Panel: Health Care Reform Starts in Medical Schools

New MD training approaches are key to cutting costs

Medical education is key to successful health reform panelists said at an HMS Alumni Day Symposium May 30. Image: Suzi Camarata

U.S. health care reform did not begin with passage of the Affordable Care Act, and it won’t be successful unless fundamental change first occurs in American medical schools.

That was the message Harvard Medical School alumni heard during an Alumni Day symposium at the Joseph B. Martin Conference Center on May 31 as a group of U.S. health care leaders discussed how the nation should proceed as it attempts to cut costs and improve health care for millions.

“This must be a time of innovation. If we expand just to do what we were doing before, then we will not be serving the public,” said symposium moderator George E. Thibault, ’69, discussing how the health care reform movement actually began a decade ago, triggered by a looming physician shortage that spurred the opening of 15 new medical schools.

Thibault, who is president of the Josiah Macy Jr. Foundation, said in recent years it has became even clearer that the status quo is unsustainable, that health care is too expensive and not available to enough people, and outcomes are far too variable. Reform, however, won’t come with passage of the ACA alone, he said.

“Without [medical] education reform, we will not have lasting and enduring health care reform,” Thibault said.

For Thibault and other members of the symposium panel, true reform can only begin in the classroom, when educational curricula become more aligned with the health needs of the public.

“We have to change the culture of the training environment,” said panelist Steve Weinberger, ’73, executive vice president and chief executive officer of the American College of Physicians.

In the past, Thibault explained, curricula were developed first, and then students were taught and assessed. Now, he suggested, curricula should be designed last, after public health needs are assessed, and they should include innovations such as interprofessional and interdisciplinary training, new models of clinical education, new content to complement the biological sciences, competency-based and individualized education tracks to speed the training process, and incorporation of new educational technologies.

“Medical education used to be about how to impart knowledge and teach how to take care of patients,” Weinberger said. “The question now is: what kind of quality of care should they deliver?”

With more than $2.7 trillion spent on health care in the U.S. in 2011, and an estimated $210 million paid for unnecessary services, such as imaging and tests, Weinberger said educators must grapple with specific training issues related to these soaring costs. These issues range from a physician’s fear that he or she might “miss something” when formulating a diagnosis, to the fact that very often care providers don’t even know what costs are associated with the tests they order for patients.

“Part of our ethical and professional responsibility is to control costs,” Weinberger said.

To that end, he said, medical school faculty must start asking appropriate questions when training students. Is a test necessary? Did a patient already have it? Was it cost effective?

“As physicians, we should be change agents,” said Eric B. Larson, ’73, vice president for research at the Group Health Research Institute. “We should be people who make things better wherever we find them.”

Successful reform will also be based upon a system of integrated care, Larson added, explaining that previous curriculum reform efforts were either science based or problem based.

Now, Larson said, education reform should follow a systems-based approach that involves destruction of professional “silos,” enabling doctors, nurses and pharmacists to all work together to deliver the best possible care. He advocated the creation of “clinical microsystems” controlled by “frontline clinicians whose primary work is patient care.”

The encouraging news, the panelists agreed, was that the time is ripe for change in the classroom.
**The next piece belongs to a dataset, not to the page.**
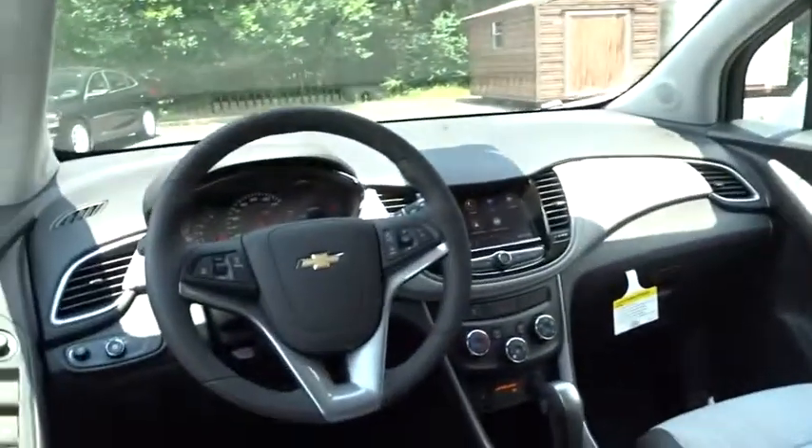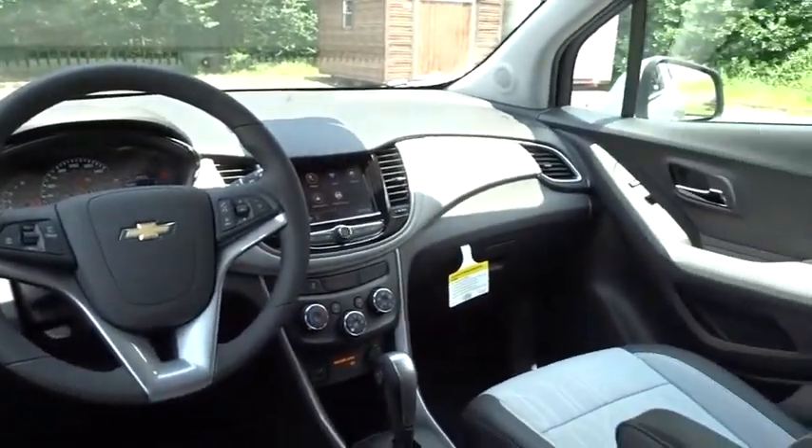Searching for a dependable vehicle that looks great too? You found it, so stop in today.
“I’ve never seen a time more propitious for reform than today,” said Malcolm Cox, ’70, chief academic affiliations officer for the Veterans Health Administration, U.S. Department of Veterans Affairs, in Washington DC.

What will be critical to success, Cox added, is the alignment of education reform with system reforms, moving the focus from delivery of care to enhancement of well-being.
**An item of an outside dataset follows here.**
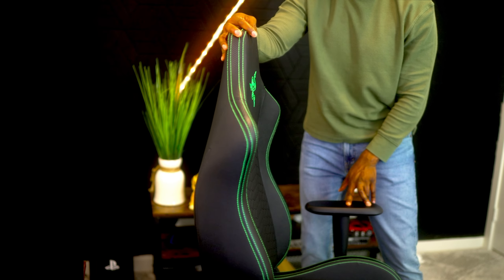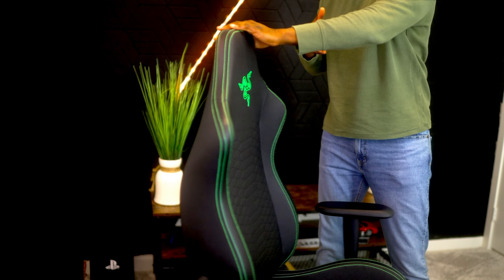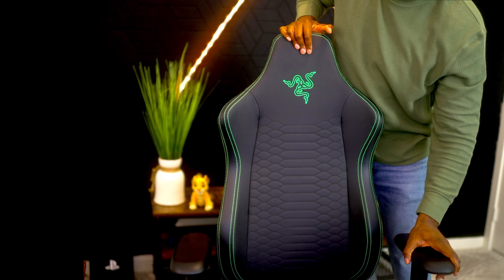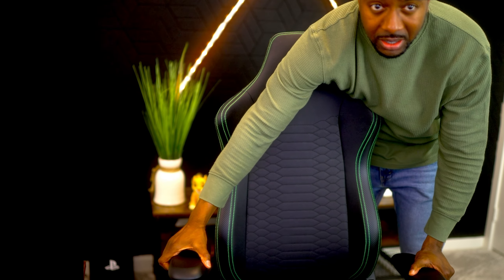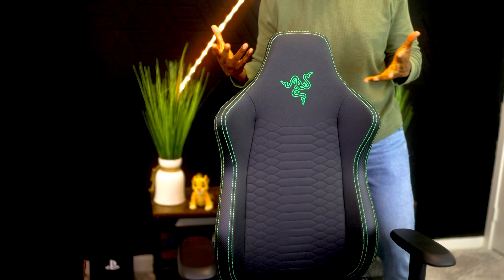It supports healthy sitting positions and you can game or stream for hours in comfort with this lovely piece of engineering. The armrests are adjustable — they go up and down to whatever height you want. It tilts as well; you can recline yourself to make sure you're extremely comfortable.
Cox said the U.S. government spent millions to create an integrated health care model within the VA system and it began, first, with redesign of primary care units. He said VA hospitals in five locations around the country created primary care “teamlets” formed around each patient, including a primary care provider, an RN case manager, a clinical associate such as an LPN, and a clerk.
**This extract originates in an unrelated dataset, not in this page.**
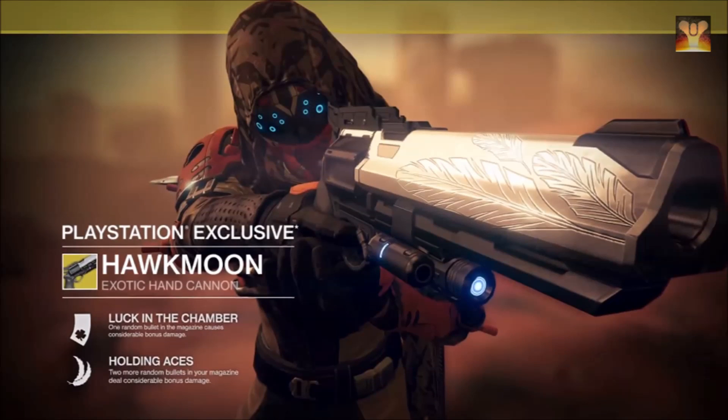The perks unique to this weapon are called Luck in the Chamber, which means one random bullet in the magazine causes considerable damage, and Holding Aces, where two more random bullets in your magazine also deal considerable bonus damage. So once fully upgraded, that's a total of three bullets in your 13-round magazine clip that deal extra damage.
So effective was the new model, Cox said, that the VA saw a 6 percent reduction in acute admissions and $596 million in total costs avoided over the first three years. Productivity also increased with the team models, he said.

Establishing and maintaining interprofessional teams was critical to the success of the effort, Cox said, but he acknowledged that it is hard to achieve. Faculty collaboration in any curriculum revision will be key to ensuring that new, interdisciplinary approaches are adopted.

“Culture matters most of all,” Cox said, when it comes to shifting medicine from patient-centered care to patient-driven care.